Deacon is focused upon in some detail for his work embodies the premises just
discussed. He grounds his hypothesis upon associative learning up until the point
where symbols emerged, and as such Deacon adopts a parsimonious and
comparative approach, albeit an abstract one. It is at the point where symbols
emerge that his hypothesis will then be augmented with a discussion about the
properties of a putative General Symbol Machine (GSM) that allows the
formation of stimulus equivalence classes. This categorical ability is specific to
humans and, it will be claimed, essential for symbolic behavior.

Information

Information is to be understood in terms of its role in reducing uncertainty.
Through natural selection specific mechanisms will emerge that cause organisms
to react to pertinent input.

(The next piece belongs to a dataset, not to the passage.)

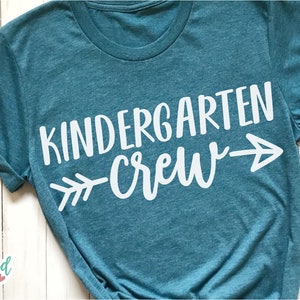 Kindergarten Crew Svg, Kindergarten Svg, School Svg, School Crew Svg ...
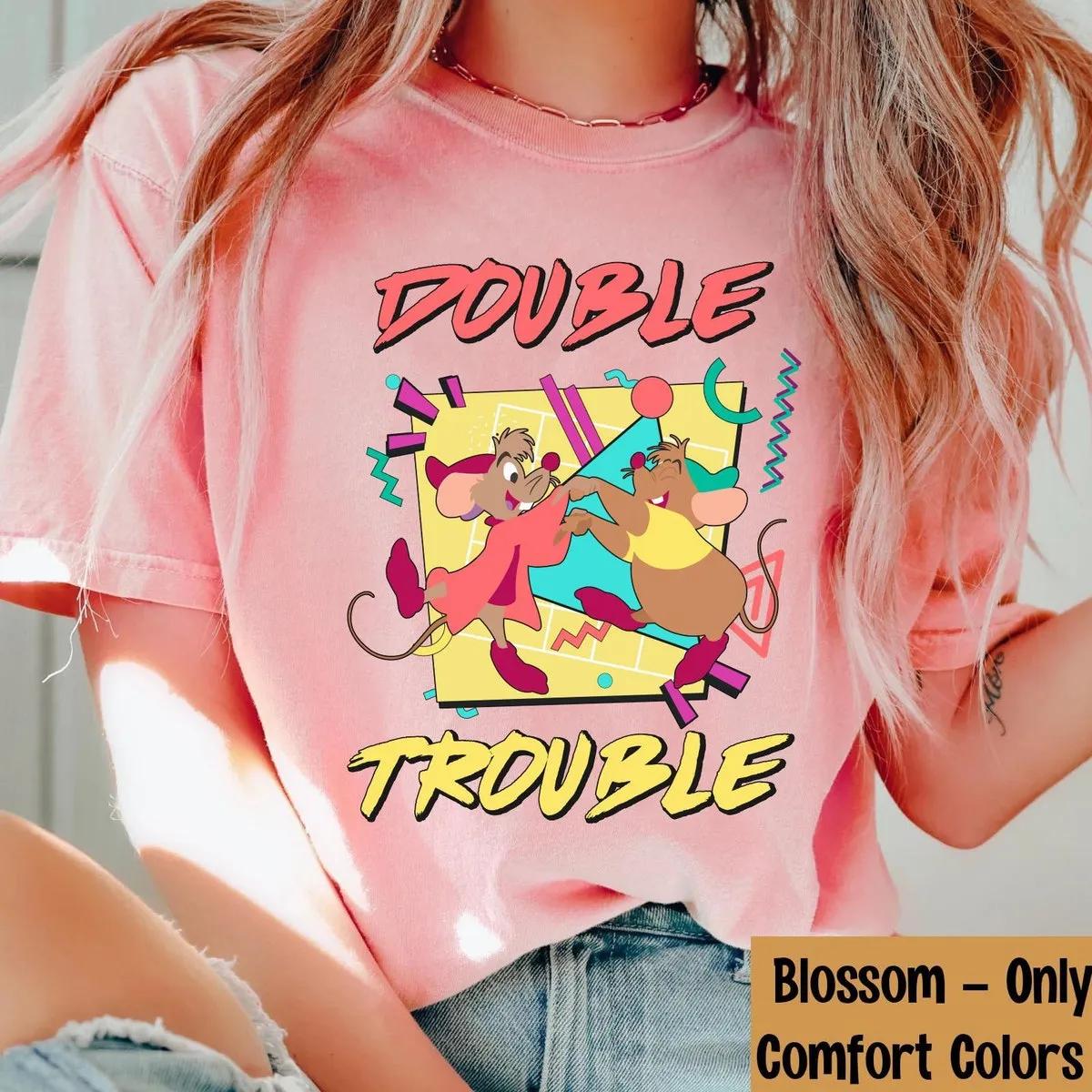 Jaq And Gus Double Trouble Shirt Cinderella Mouse Tee 6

For example, a frog whose retina is stimulated by a fly
crossing its visual field will produce an appropriate tongue-flick response that will
lead to eating. The way in which the frog’s visual system and tongue-flick system
etc. are constituted renders the visual input information – the frog’s systems can
be in 1+n states and this input determines which of those states they will be in.
The manner in which information is ‘transmitted’ can be organized as follows:
Cues convey information by being permanently on, or constantly present, for
example the yellow and black stripes of a wasp. This is a continuous feature of a
wasp’s abdomen and indicates that the wasp carries a dangerous sting – fatal to
some organisms, a painful irritant to others. This information reduces the
uncertainty about whether or not to approach a wasp.
Cues require no more than perceptual salience and then a learnt association to
be freshly established. The same is true of indices, or indexicals. The difference
between indices and cues is that indices indicate the presence of something by
dint of a causal relationship with that thing, such that smoke is the index of fire,
foaming about the mouth is the index of scurvy.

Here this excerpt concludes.